Le propos choque d’autant plus qu’il vient conclure une démonstration hérétique au regard de l’orthodoxie environnementale : « La réouverture des mines françaises serait la meilleure décision écologique qui soit. Car la délocalisation de nos industries polluantes a eu un double effet pervers : elle a contribué à maintenir les consommateurs occidentaux dans l’ignorance des véritables coûts écologiques de nos modes de vies, et elle a laissé à des Etats dépourvus de tout scrupule écologique le champ libre pour extraire les minerais dans des conditions bien pires que si la production avait été maintenue en Occident. A l’inverse, relocaliser les mines en France et en Occident pourrait générer deux effets positifs. D’abord, nous prendrions immédiatement conscience, effarés, de ce qu’il en coûte réellement de nous proclamer modernes, connectés et écolos. On peut imaginer que le voisinage des carrières nous sortirait pour de bon de notre indifférence et de notre déni, et encouragerait des initiatives pour contenir la pollution occasionnée. Ne supportant pas l’idée de vivre comme des Chinois, nous décuplerions la pression sur nos gouvernements pour qu’ils interdisent à toutes les minières de rejeter un seul gramme de cyanure dans la nature, boycotterions les industriels qui ne respectent pas une ribambelle de labels verts, manifesterions en masse contre la scandaleuse obsolescence programmée de leurs produits qui conduit à creuser toujours plus, exigerions que des milliards d’euros soient investis dans la recherche afin que tous les métaux rares soient intégralement recyclés. Peut-être abandonnerions-nous aussi le sacro-saint dogme du pouvoir d’achat et accepterions-nous de dépenser quelques dizaines d’euros supplémentaires pour des téléphones un peu plus propres… En d’autres mots, notre empressement à circonscrire la pollution serait tel que nos progrès environnementaux seraient fulgurants et nos modes de consommation à tous crins fortement réduits. »[[Ibidem, pages 236 et 237]]

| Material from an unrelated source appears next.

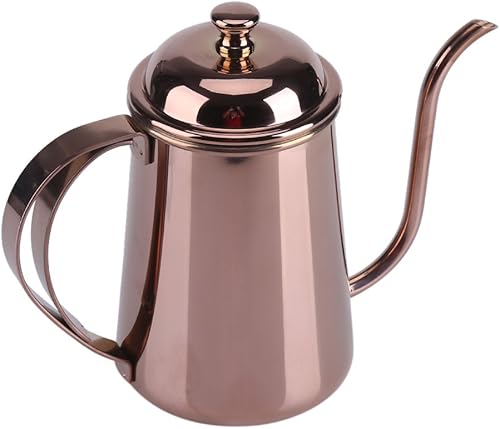Miniatura 2 de Fdit 650ML Acero Inoxidable Cuello de Cisne Boquilla Hervidor Café Té Inicio Brewing goteo Pot (Oro Rosa)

Celui qui s’exprime sait que son discours va à l’encontre du consensus ambiant, que d’aucuns lui reprocheront de miner leurs efforts d’évangélisation écolo-climatique, mais qu’importe. Il ne cherche pas à plaire, sa volonté est d’informer. Et si ses vérités dérangent, tant mieux. Peut-être généreront-elles une salutaire prise de conscience. Qui sait ? Comme disait l’autre, « sur un malentendu, ça peut marcher » !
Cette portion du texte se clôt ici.